The lessons we've been giving in Samoan with no notes to investigators have been getting better. I just have to memorize so much and I know I wouldn't be able to do it without a lot of prayer. The language is very slowly getting better.
I'm excited for General Conference next weekend because that means no class
for 11 hours. I'll definitely be able to focus more on what the speakers say and I
think it's cool that I'll be in the MTC when it happens.

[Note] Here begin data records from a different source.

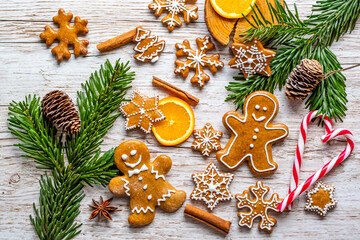 Christmas gingerbread and sweets are placed on wooden desk. Cookies and sweet food in shape of stars and snow flakes. Winter theme, rustic style. Pine trees on the side. Candy stick and other spice.
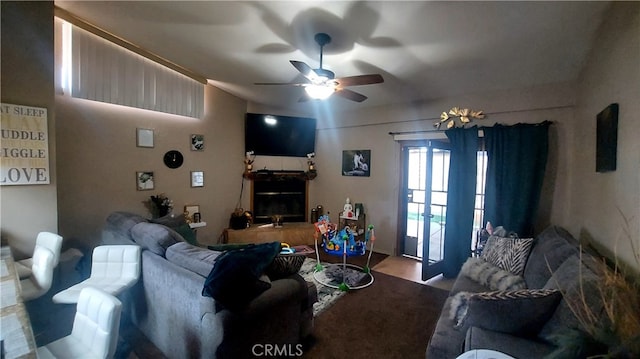 living room with french doors, hardwood / wood-style flooring, and ceiling fan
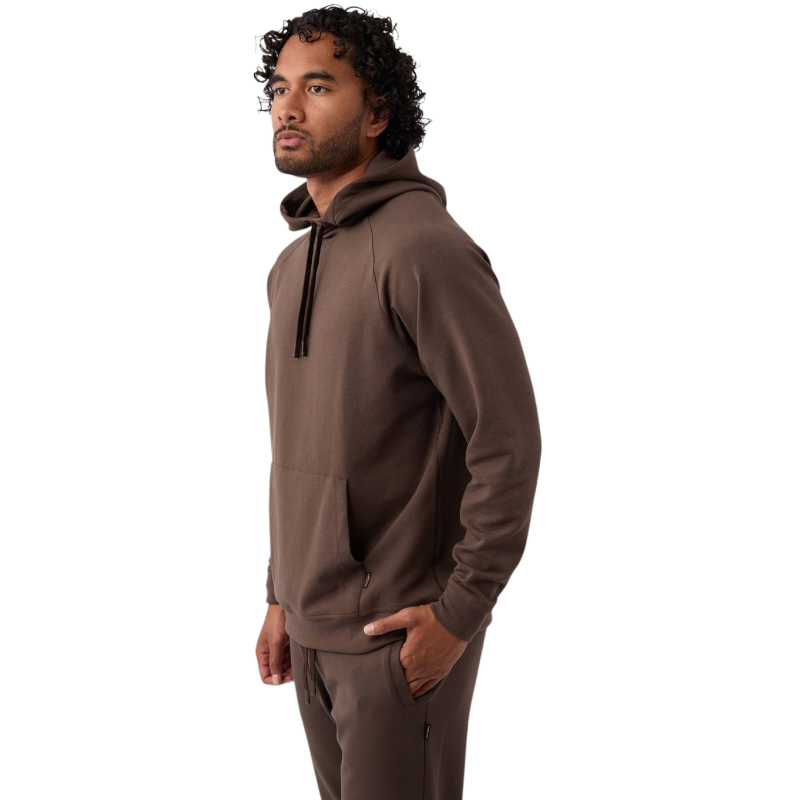 A person wearing the Men's StretchTech Hoodie from Cozy Earth, paired with matching gray pants, stands against a plain white background. The hoodie features drawstrings and a front pocket. The individual is looking forward with a neutral expression. |Color:Coal Heather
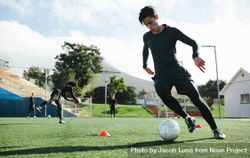 Soccer player training in soccer field 0WGQr0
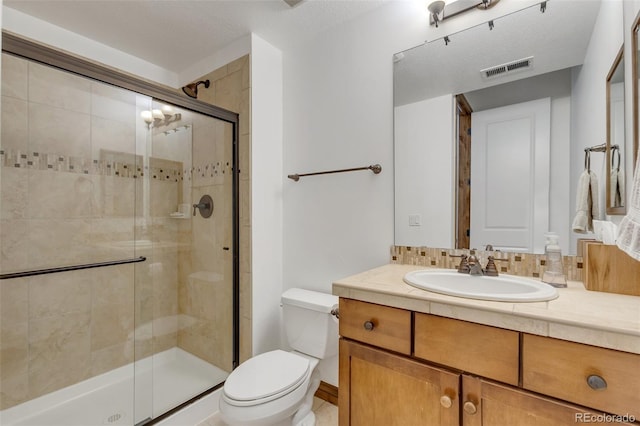 bathroom featuring toilet, an enclosed shower, vanity, and a textured ceiling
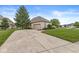 Side view of a detached garage with a long concrete driveway and manicured landscaping at 2920 Bloomsbury S, Greenwood, IN 46143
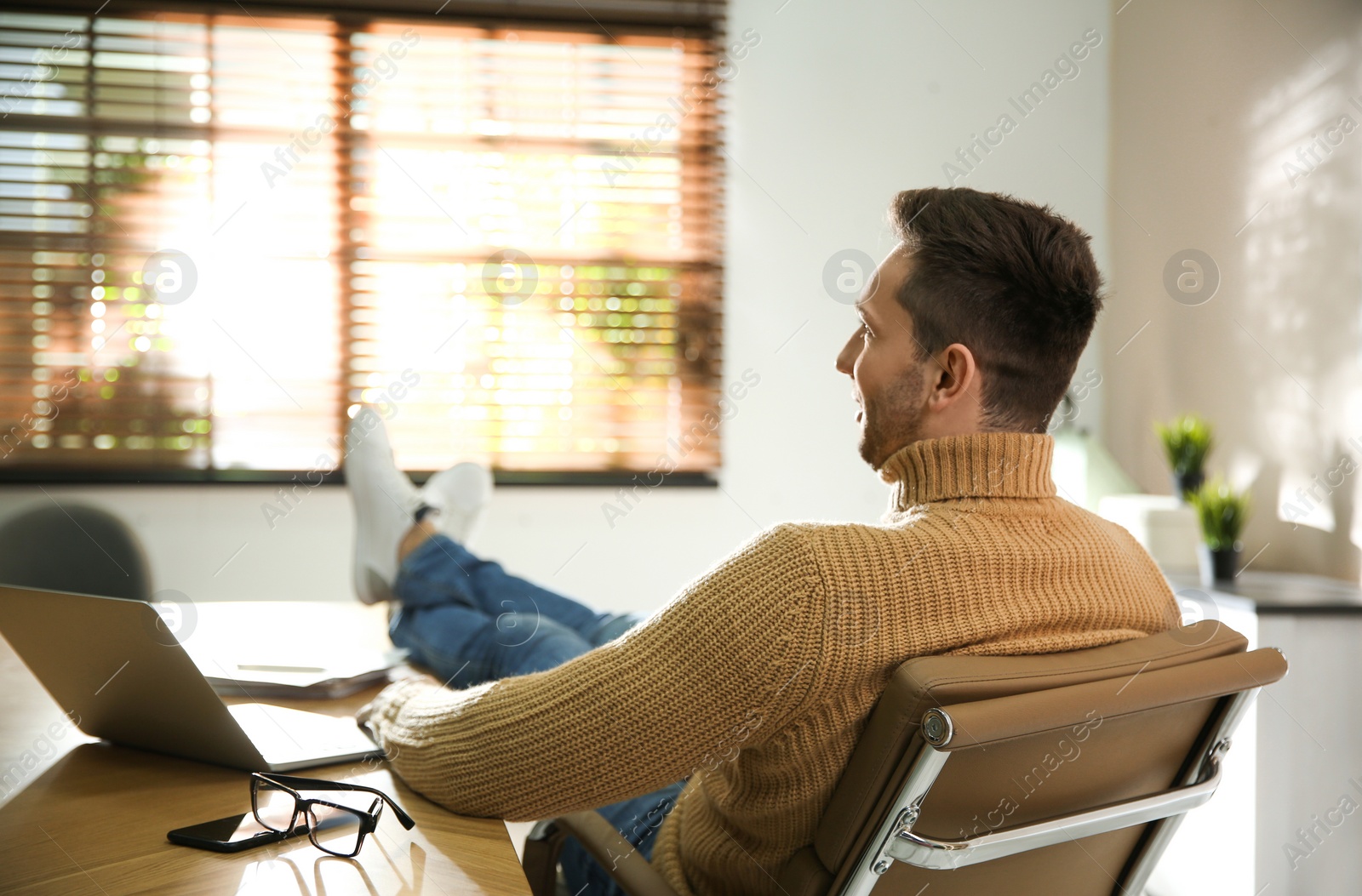 Photo of Young man relaxing at desk in office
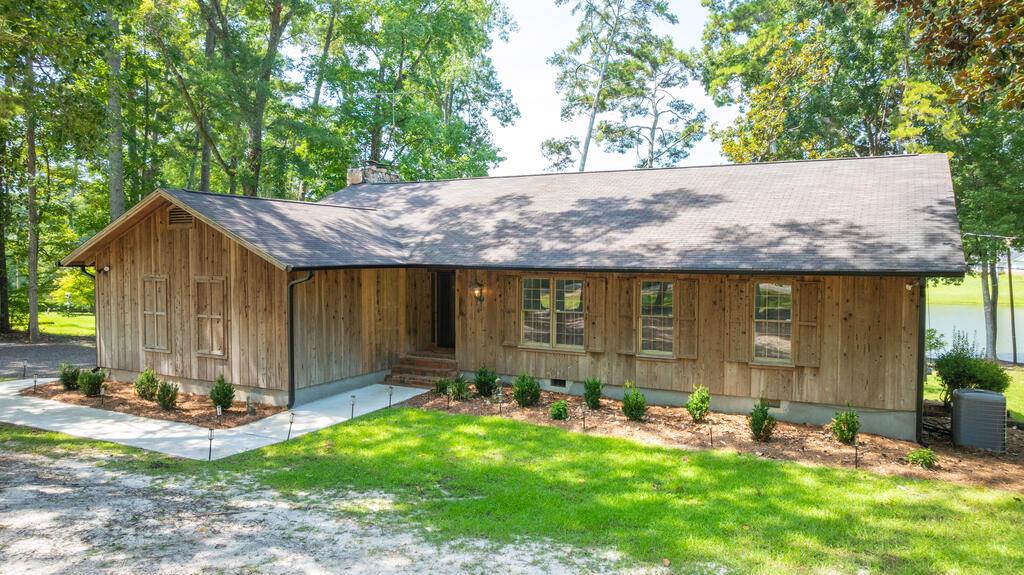 Waterfront home in established neighborhood close to everything with no HOA fees! This striking 3 bed/ 2.5 bath lakeside cabin offers all the luxuries of living in the countryside while still remaining close to town. It's only 4 minutes away from Publix, Lowes, and other shopping! The house comes with a spacious back deck that is the perfect place for grilling dinner with friends and family. Walk down to the dock and enjoy easy access to fishing and swimming in the lake. Cuddle up by the fireplace with your loved ones in the cozy and spacious living room while enjoying the stunning lake view and the sunset from the floor to ceiling windows. The chef's kitchen is perfect for cooking for guests and includes a stainless steel refrigerator, oven, cook top, wine cooler, a large island, and lots of pantry space. Game nights and dinner parties will be incredible in the beautiful formal dining room. The primary suite is very spacious and include lots of closet space and a new tiled walk in shower.  Downstairs, the spacious den with fireplace and half bath offers comfort, extra space,  and storage with a large heated and cooled workshop. The downstairs den could easily be a 4th bedroom. The details are what make a house feel special, and with cypress exterior siding, vaulted ceilings, warm cypress wood paneling, and sliding glass doors, this home is full of character and charm.
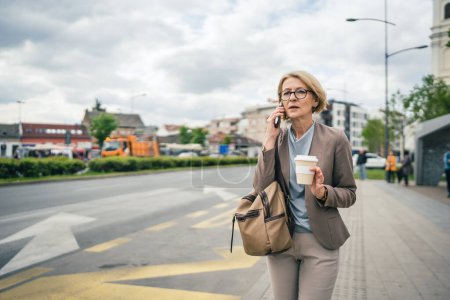 Téléchargez les photos : Une femme caucasienne mature blonde femme avec des lunettes se tenir à l'arrêt de bus ville dans la journée utiliser smartphone téléphone mobile faire un appel parler en attendant recevoir de mauvaises nouvelles - en image libre de droit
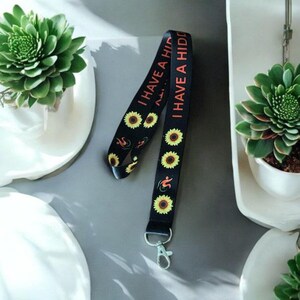 May include: Black lanyard with sunflower and flame designs. The lanyard has the text "I have a hidd..." printed on it.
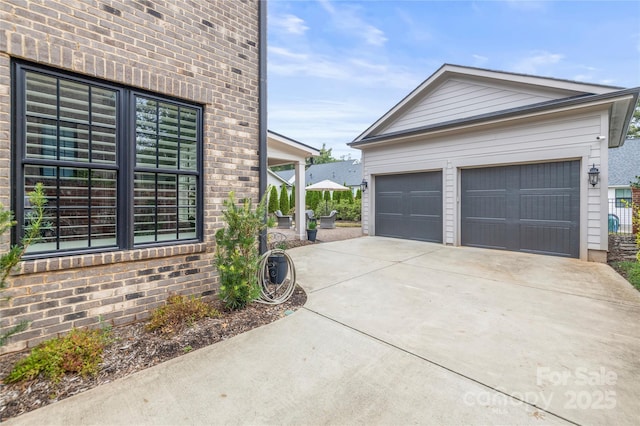 view of home's exterior featuring a garage, brick siding, and an outdoor structure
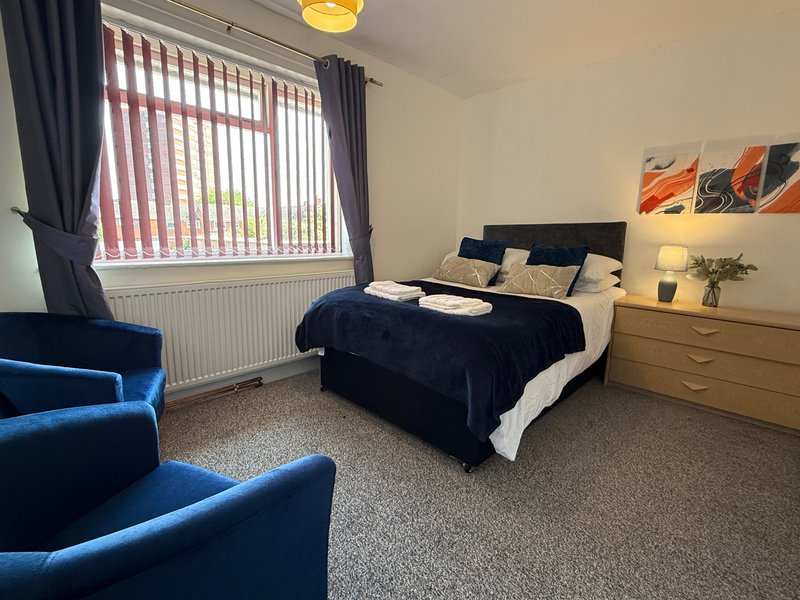 Spacious bedroom with double bed, blue armchairs, wooden dresser and vertical blinds
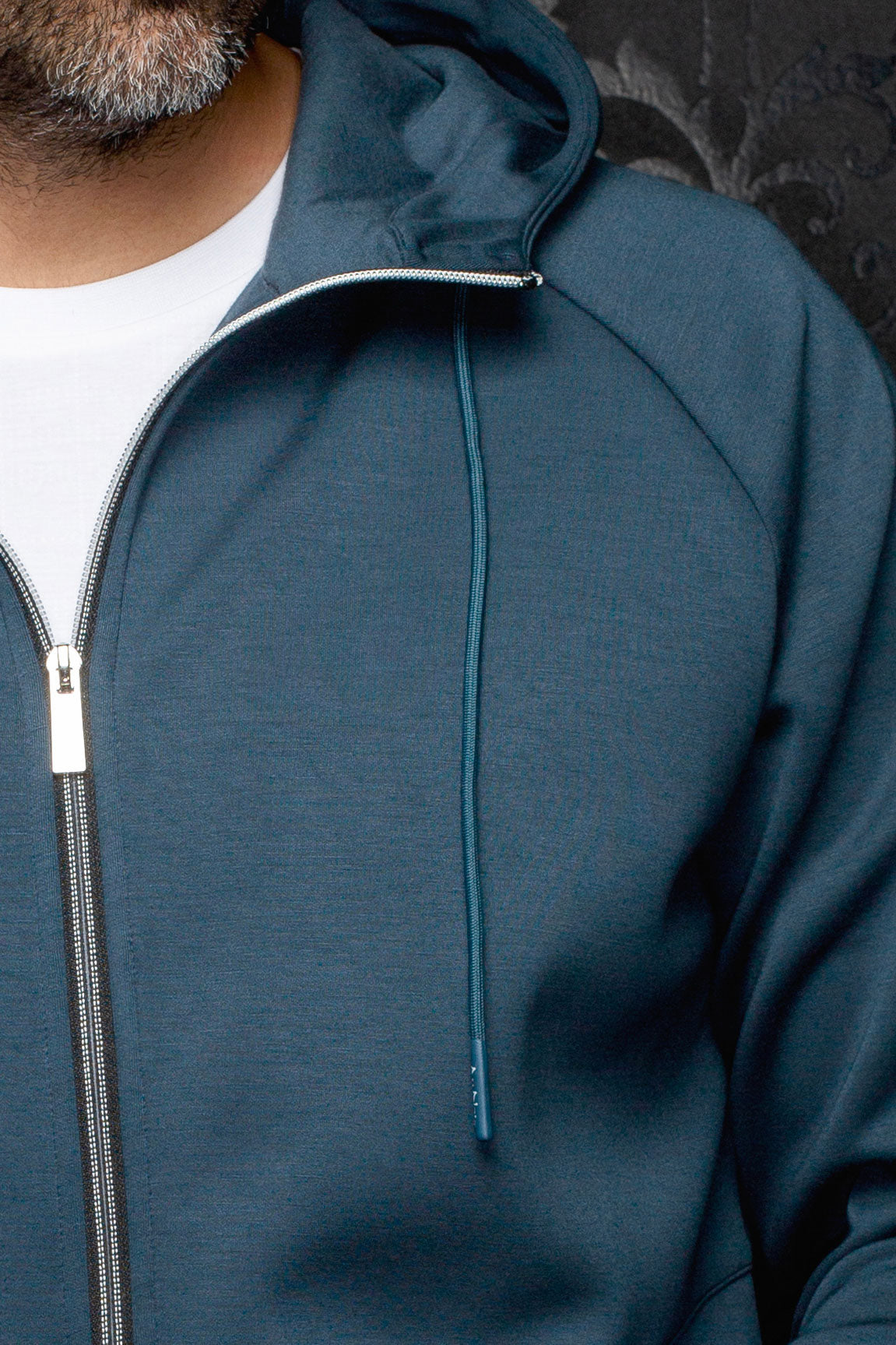 Au Noir men's teal hooded zip sport jacket showing silver zipper, drawstring, and raglan seam, close-up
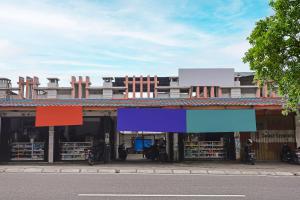 a building with colorful signs on the front of it at SPOT ON 92421 City Kost Syariah in Pangkal Pinang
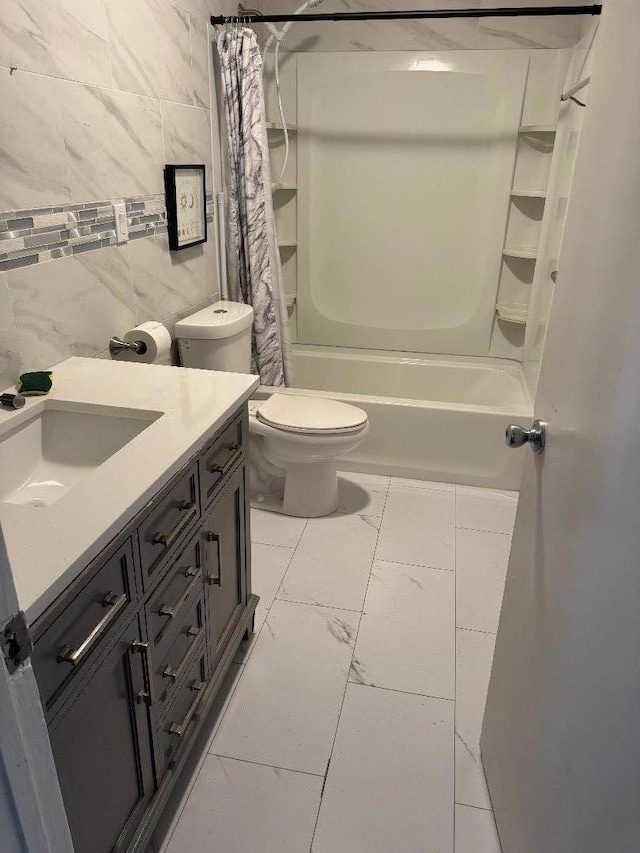 full bathroom featuring toilet, vanity, tile walls, and shower / bath combo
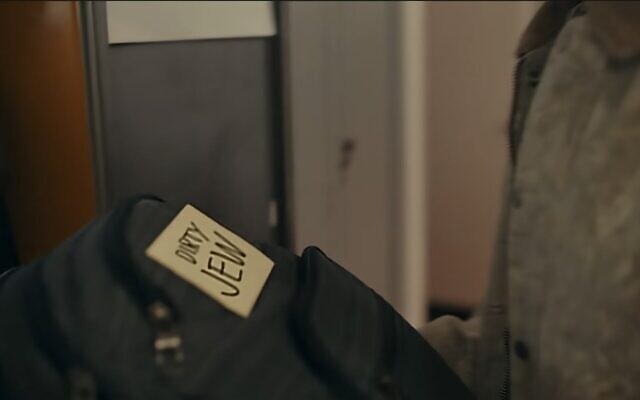 Un adolescent trouve un post-it avec les mots "sale juif" sur son sac à dos dans la publicité diffusée lors du Super Bowl 2026 par la Blue Square Alliance de Robert Kraft. (Crédit : Capture d'écran via JTA)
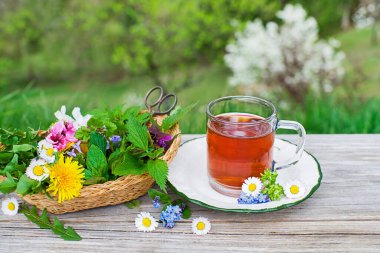 Ev bahçesindeki ahşap arka planda bir fincan sağlıklı bitki çayı..
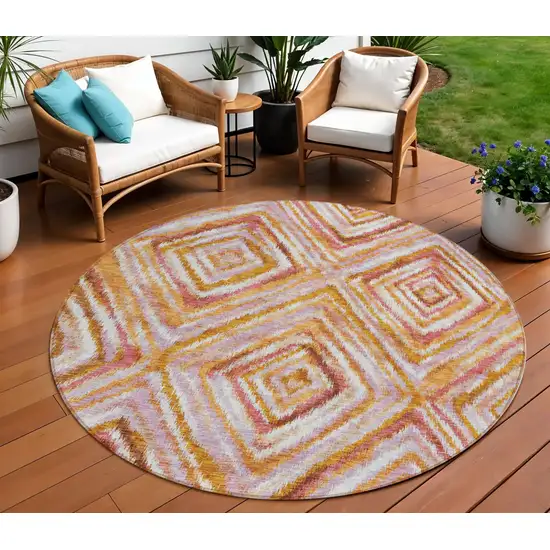 8' Orange Copper And Gold Round Geometric Washable Indoor Outdoor Area Rug Photo 1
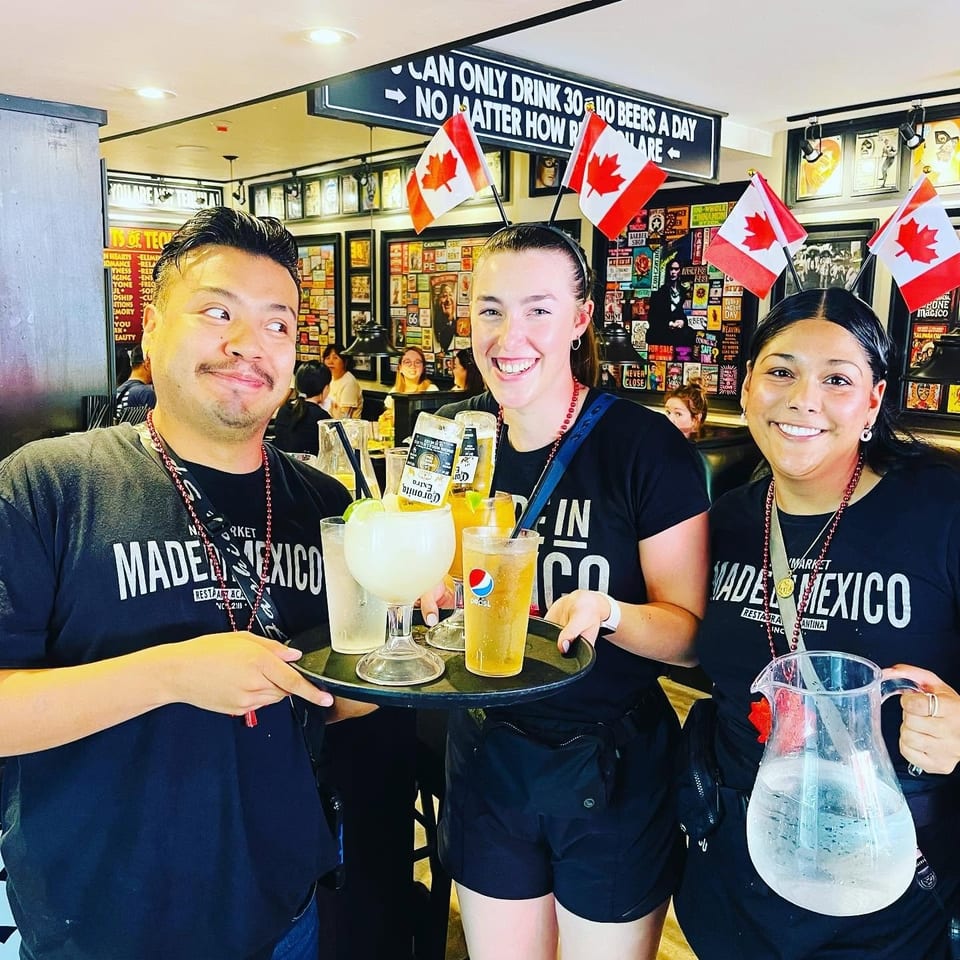 Three smiling restaurant staff pose with Canadian flags, drinks, and a water pitcher inside a lively, memorabilia-covered bar.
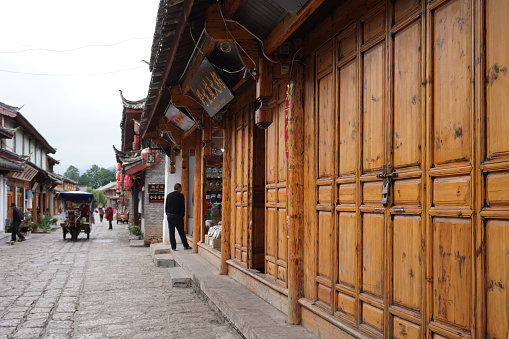 Quiet street of Shuhe Old Town during early morning time. It is a well-preserved Naxi ancient town, listed as UNESCO World Heritage site in 1997.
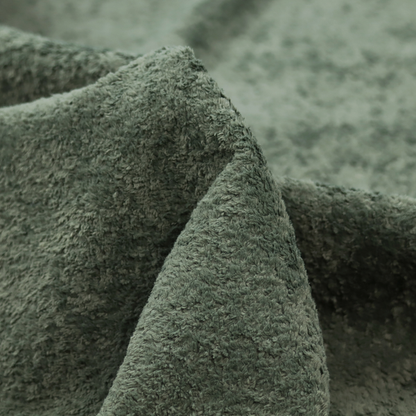 A soft, textured fabric in a rich, earthy green shade. The surface features a dense, uniform, and plush pile, characteristic of thick fleece or absorbent terry cloth material.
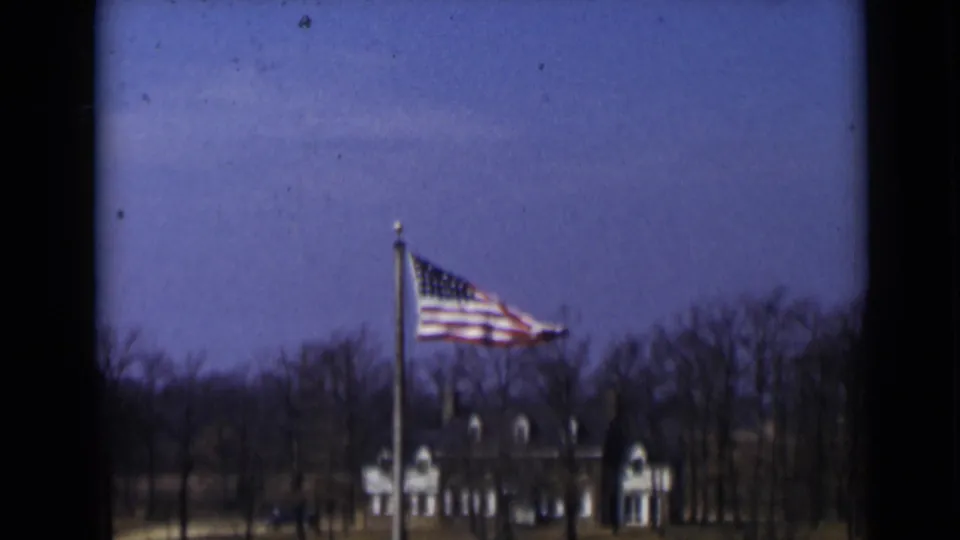 A U.S. flag waves in wind in 1947 New York, with bare trees and a large building visible beyond the pole.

Friday, September 18, 2015
Friday, September 11, 2015
I made it safe and sound and I know I am in the right place at the right time. I got dropped off at the MTC at 1:45 and a missionary helped me get situated. The first thing I did was get my name tag. Putting it on was something I had anticipated for a really long time. I feel like a different person with it knowing that I'm a representative of Christ. Then I went to go get all my Samoan books and learning materials, dropped everything off in my room and then went straight to my classroom. I walked in and all the teacher was speaking was Samoan. No English whatsoever. I was completely overwhelmed and was totally lost but at the same time it was super cool just to listen. I've been here for just three days but I'm starting to understand and recognize what people are saying sometimes. My companion is Elder Redd. He is from Logan, Utah. Later, we went to a big meeting with all of the new missionaries. It is so comforting and amazing knowing that there are 2,000 plus people here with the same purpose and goals as me. As a new missionary something they put on your name tag is an orange dot letting people know you're new. I took it off within the first couple hours cause I couldn't handle everyone all over the place saying, "Welcome to the MTC!!!" Our Branch (a bunch of districts) is by far the coolest at the MTC. Our district has 10 people in it all learning Samoan. Elders and Sisters in our branch are all going to island missions in the South Pacific speaking either Samoan, Tongan, Marshallese, and Fijian. In the dorms where we sleep there are a ton of Polynesians. Quiet time starts at 10:15 and bed time is at 10:30. From about 10 to 11 all you hear is the Polynesians doing the Haka all over the place. It's cool but at the same time I'm trying to sleep. These past couple days have been so awesome. I love this gospel and the happiness it brings me. I'll write y'all in a week.